The research firm noted it remains positive on Patrick Industries’ long-term opportunity through both organic growth and acquisitions. KeyBanc highlighted the company’s ability to increase production and leverage expenses once end-market conditions improve. InvestingPro analysis shows the company has maintained strong financial health with revenue growth of 8.12% over the last twelve months and a healthy current ratio of 2.41, indicating solid operational efficiency.
While KeyBanc acknowledged that the leisure vehicle market continues to face challenges, the firm favors Patrick Industries due to its diversified exposure across multiple segments. The company’s consistent track record of growth and margin performance through both organic initiatives and acquisitions was cited as a key strength. InvestingPro data reveals the company has raised its dividend for 6 consecutive years, with a current yield of 1.76%, demonstrating consistent shareholder returns despite market volatility.
The $100 price target falls within Patrick Industries’ historical price-to-earnings trading range of 7 to 23 times earnings. KeyBanc’s target specifically reflects approximately 18.9 times its fiscal year 2026 earnings per share estimate for the company.

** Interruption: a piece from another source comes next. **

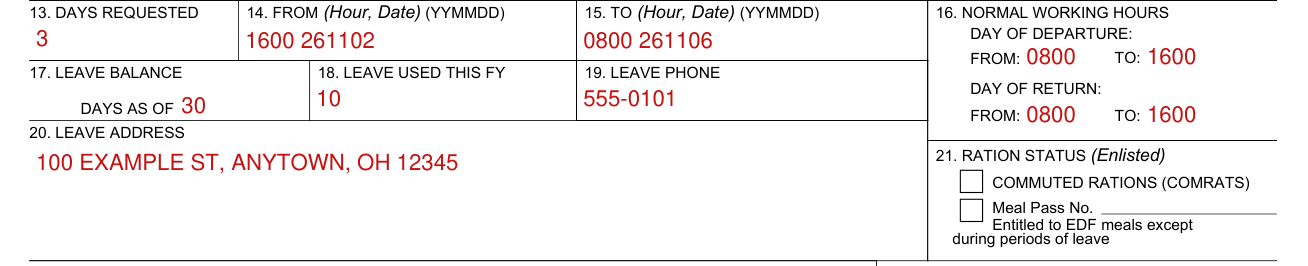 NAVCOMPT Form 3065 example filled out, leave phone and leave address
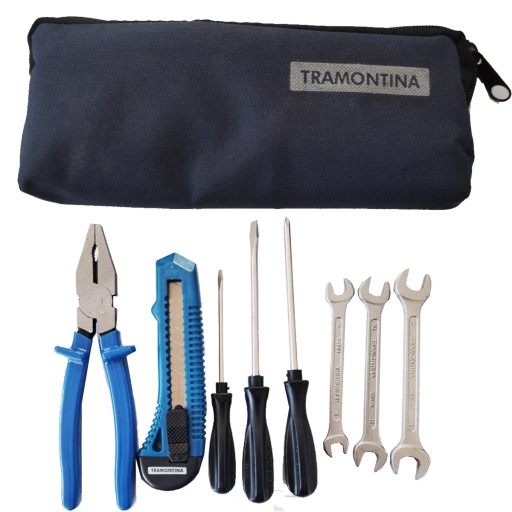 KIT DE HERRAMIENTAS TRAMONTINA 9 PIEZAS LLAVES PINZA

Patrick Industries manufactures and distributes components for the recreational vehicle, marine, manufactured housing, and industrial markets. The company has expanded its product portfolio through numerous acquisitions in recent years to diversify its revenue streams.

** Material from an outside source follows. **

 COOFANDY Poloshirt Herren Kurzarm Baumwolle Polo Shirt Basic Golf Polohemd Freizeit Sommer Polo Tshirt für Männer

In other recent news, Patrick Industries Inc. reported a strong performance for the first quarter of 2025, surpassing analysts’ expectations. The company announced earnings per share (EPS) of $1.11, exceeding the forecasted $0.97. Revenue also outperformed predictions, reaching $1 billion compared to the anticipated $960.2 million. Patrick Industries completed two acquisitions and repurchased $8.5 million of stock, emphasizing its strategic growth initiatives. The company reported a 7% year-over-year increase in net sales, with a net income rise of 9% to $38 million. Analysts from firms such as Truist Securities and Raymond (NSE:RYMD) James noted the company’s proactive approach to market dynamics, including strategies for tariff mitigation. Patrick Industries provided optimistic guidance for the remainder of the year, projecting full-year adjusted operating margins between 7% and 7.3%. The company continues to focus on maintaining a strong balance sheet and liquidity, positioning itself for future growth opportunities.